* DIRECTIONS FOR THIS TASK *
Without including any images, output the listing below exactly.

(COLLECTED DATA begins)

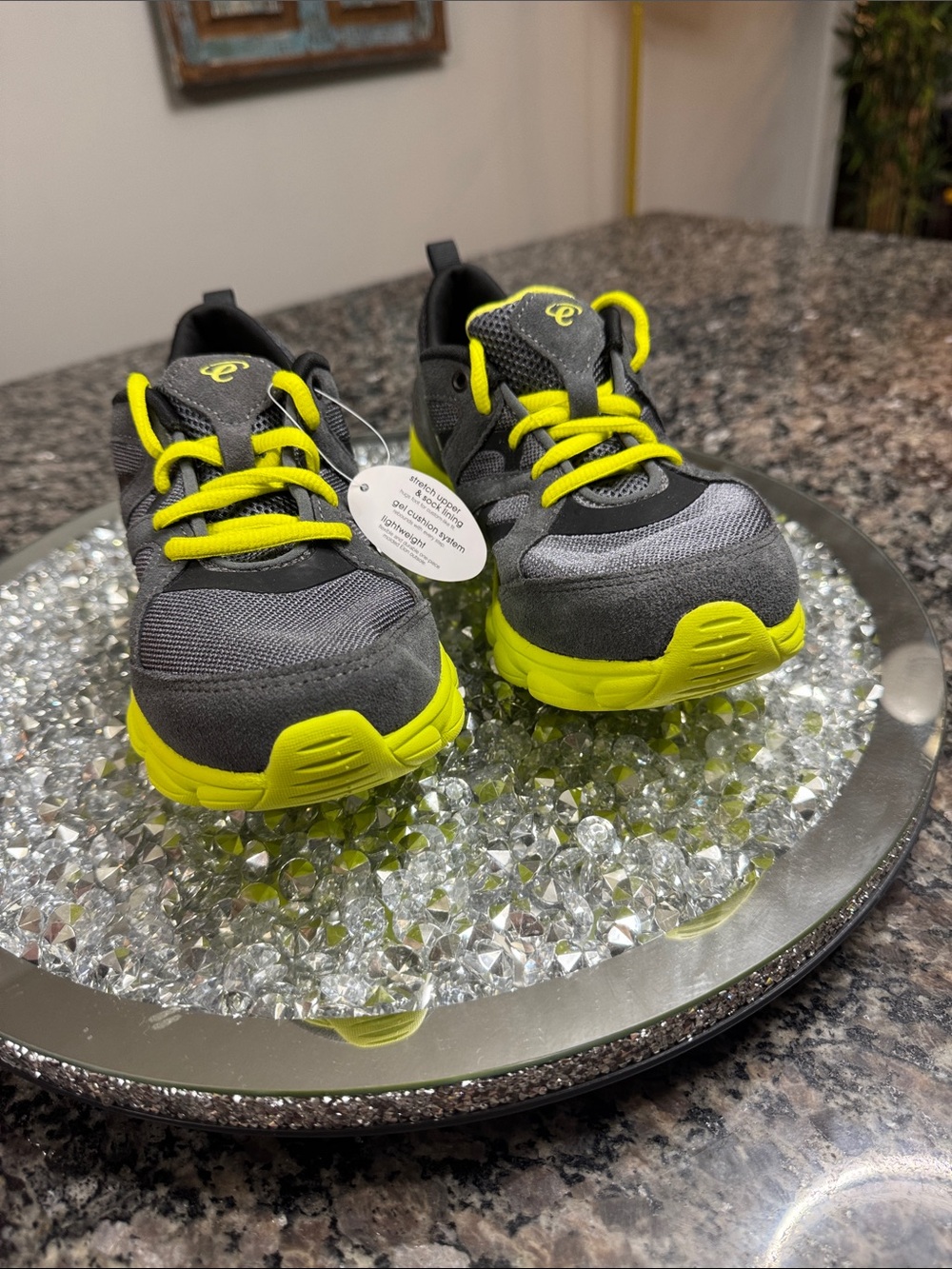 Easy Spirit E360 Gray with Neon Yellow Athletic Sneakers NWT 8 - Picture 6 of 13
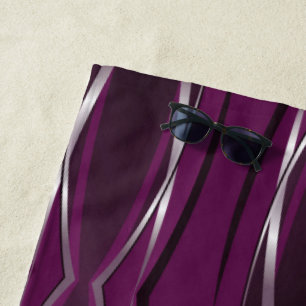Beach Towel - Magenta Silver Retro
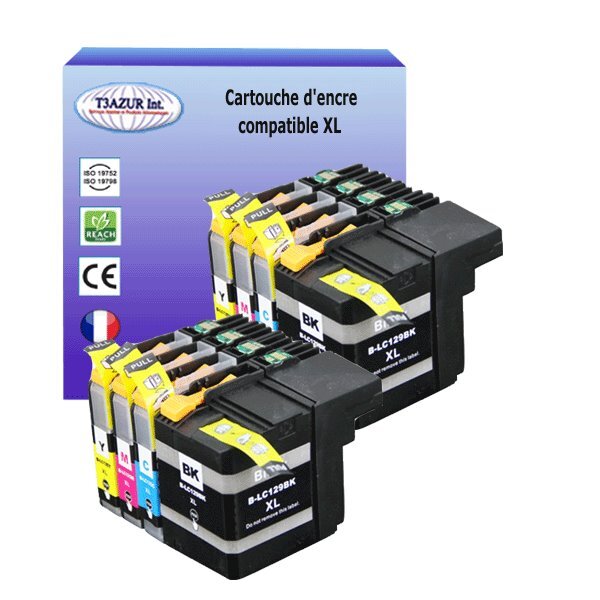T3AZUR Lot de 8 Cartouches compatibles avec Brother LC129XL  LC125XL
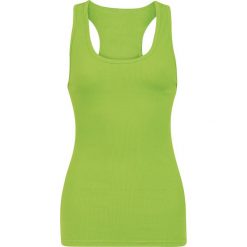 Urban Classics top (racerback top) Top damski zielony. Zielone bluzki damskie marki Urban Classics, l, bez wzorów, prążkowane, bez kołnierzyka, bez rękawów. Za 32,90 zł.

(COLLECTED DATA ends)

* SOLUTION *
 Easy Spirit E360 Gray with Neon Yellow Athletic Sneakers NWT 8 - Picture 6 of 13
Beach Towel - Magenta Silver Retro
T3AZUR Lot de 8 Cartouches compatibles avec Brother LC129XL  LC125XL
 Urban Classics top (racerback top) Top damski zielony. Zielone bluzki damskie marki Urban Classics, l, bez wzorów, prążkowane, bez kołnierzyka, bez rękawów. Za 32,90 zł.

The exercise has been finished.